The morning after his arrival in Dublin, the US president travelled to O’Kennedy Park in New Ross by helicopter. He was then driven to the quay in New Ross where he gave a speech to a crowd of 10,000. In this speech, Kennedy declared he was ‘glad to be here’ and that it ‘took 115 years to make this trip.’
From New Ross, Kennedy was driven to the Kennedy family homestead in Dunganstown. There, his distant cousins waited to greet him with a warm welcome home as well as tea and cake. While sharing tea with his relatives, JFK told them he wished to toast ‘all the Kennedys who went and all the Kennedys who stayed’.
JFK then left his ancestral home of Dunganstown to pay a visit to Wexford town. It was here that he famously laid a wreath at the foot of the iconic Commodore John Barry statue. A poetic moment to say the least; like the Kennedy family, John Barry also left Wexford to help shape the United States of America. Today, John Barry is one of few historical figures who are referred as ‘the father of the American navy’.
After paying tribute to the Commodore, Kennedy accepted the Freedom of the Town and gave a speech to the large crowd. Addressing the audience as ‘my friends’, JFK asked for any fellow Kennedys in the crowd to raise their hands. Upon seeing several hands raise, the US president joked that he was ‘glad to see a few cousins that didn’t catch the boat.’

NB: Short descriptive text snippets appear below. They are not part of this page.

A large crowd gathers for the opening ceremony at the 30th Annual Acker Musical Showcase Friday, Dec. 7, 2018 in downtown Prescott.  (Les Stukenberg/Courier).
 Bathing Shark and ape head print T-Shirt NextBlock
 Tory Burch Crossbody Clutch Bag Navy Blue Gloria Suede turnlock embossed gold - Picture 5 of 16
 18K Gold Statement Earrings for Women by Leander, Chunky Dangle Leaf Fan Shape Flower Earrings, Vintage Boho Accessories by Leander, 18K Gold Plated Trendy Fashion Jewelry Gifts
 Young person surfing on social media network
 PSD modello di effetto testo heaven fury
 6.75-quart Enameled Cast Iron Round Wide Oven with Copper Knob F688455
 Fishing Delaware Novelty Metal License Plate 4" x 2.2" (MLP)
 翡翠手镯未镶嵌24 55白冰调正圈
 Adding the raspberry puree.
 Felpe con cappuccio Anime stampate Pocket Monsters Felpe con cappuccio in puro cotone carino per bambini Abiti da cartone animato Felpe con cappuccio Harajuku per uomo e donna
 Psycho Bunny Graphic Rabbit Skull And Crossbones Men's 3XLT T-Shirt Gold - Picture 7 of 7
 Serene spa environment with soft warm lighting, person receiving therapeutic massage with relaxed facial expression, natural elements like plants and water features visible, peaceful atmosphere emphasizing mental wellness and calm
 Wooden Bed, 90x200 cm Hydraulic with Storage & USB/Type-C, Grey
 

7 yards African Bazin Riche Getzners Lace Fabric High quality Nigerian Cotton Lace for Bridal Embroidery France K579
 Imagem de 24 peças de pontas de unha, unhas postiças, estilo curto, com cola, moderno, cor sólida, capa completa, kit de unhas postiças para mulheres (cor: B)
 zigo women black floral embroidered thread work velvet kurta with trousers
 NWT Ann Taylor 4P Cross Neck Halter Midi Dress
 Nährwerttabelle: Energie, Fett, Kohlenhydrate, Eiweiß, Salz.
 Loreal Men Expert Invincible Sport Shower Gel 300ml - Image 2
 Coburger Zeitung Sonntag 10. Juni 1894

‘My country welcomed so many sons and daughters of so many countries (…) and gave them a fair chance and a fair opportunity. The speaker of the House of Representatives is of Irish descent. The leader of the Senate is of Irish descent (…) through millions of your sons and daughters and cousins (…) we see something of what is great about Ireland.’
-John F. Kennedy, 27 June 1963.
Kennedy closed the day by returning to Dublin where Irish Taoiseach Seán Lemass held a state dinner in his honour at the Iveagh House, St Stephen’s Green. His Irish trip ended two days later on 29 June. JFK is said to have wished that he could stay ‘for another week, or another month’ as his trip came to an end.
In a speech to a crowd at Shannon Airport, the US president thanked the Irish people for their hospitality and declared ‘This is where we all say goodbye.’ A statement that would soon prove tragic; for JFK would never get the chance to be reunited with Ireland. While it is easy to be forlorn over this fact, it is important to remember the joy Ireland brought to JFK and the joy that he brought to it.
‘Your visit has been a source of joy and pride to all the people of Ireland and to all their kin throughout the world.’